Let $R$ be any subring (with $1$) of $\mathbb{Q}$. Let $m/n$ be an element of $R$ where $m$ and $n$ are coprime. Let $p$ be a prime divisor of $n$. Could anyone help me show that $1/p$ is an element of $R$?
If $R$ is a subring of $\mathbb{Q}$, $m/n\in R$ with $\gcd(m,n)=1$, and $p$ a prime factor of $n$, is $1/p$ an element of $R$?
1 Answers
HINT. $\ $ Scaling Bezout $\rm\ a\ m + b\ n = 1\ $ by $\rm\: \dfrac{1}n\ $ yields $\rm\:\dfrac{1}n\in R\:,\:$ hence $\rm\ \dfrac{n}p\ \dfrac{1}n = \dfrac{1}p\:\in\: R\:.$
NOTE. $\ $ This shows that every ring $\rm\:R$ between $\rm\:\mathbb Z\:$ and $\rm\:\mathbb Q\:$ can be obtained by adjoining inverses of elements of $\rm\:\mathbb Z\:,\:$ i.e. $\rm\:R\:$ is a localization $\rm\:S^{-1} \mathbb Z\:.\:$ The same argument as above shows that this holds true for any domain where such Bezout identities hold.
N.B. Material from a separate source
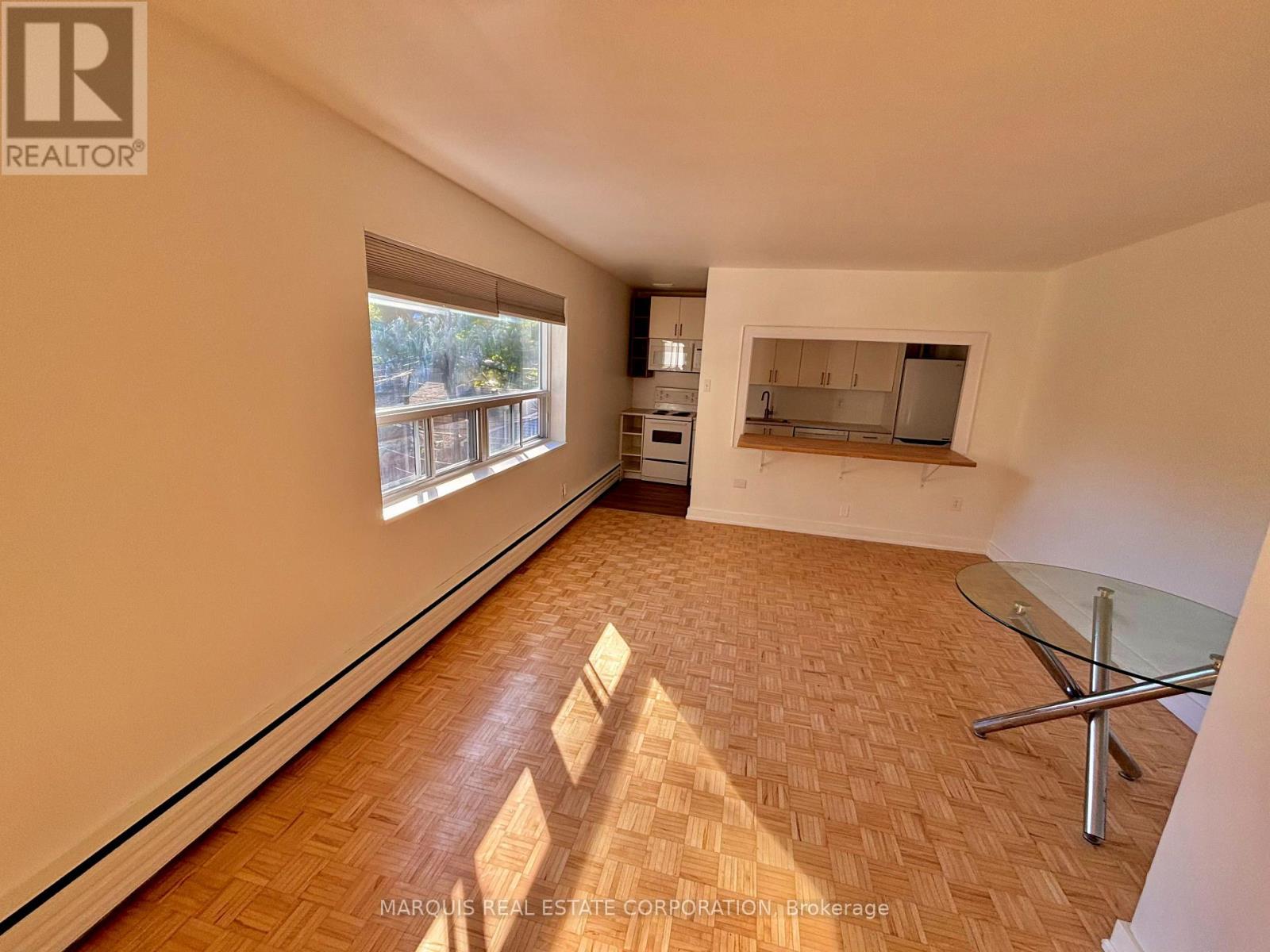 204 - 109 Beech Avenue, Toronto, Ontario  M4E 3E5 - Photo 2 - E12460808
Domains satisfying this propery, i.e. whose subrings of fractions are localizations, are known as QR-domains. They have been quite intensively studied. For example, a QR-domain is necessarily a Prüfer domain, and conversely, a Prüfer domain with torsion class group is a QR-domain. For more see my May 11, 2004 sci.math post.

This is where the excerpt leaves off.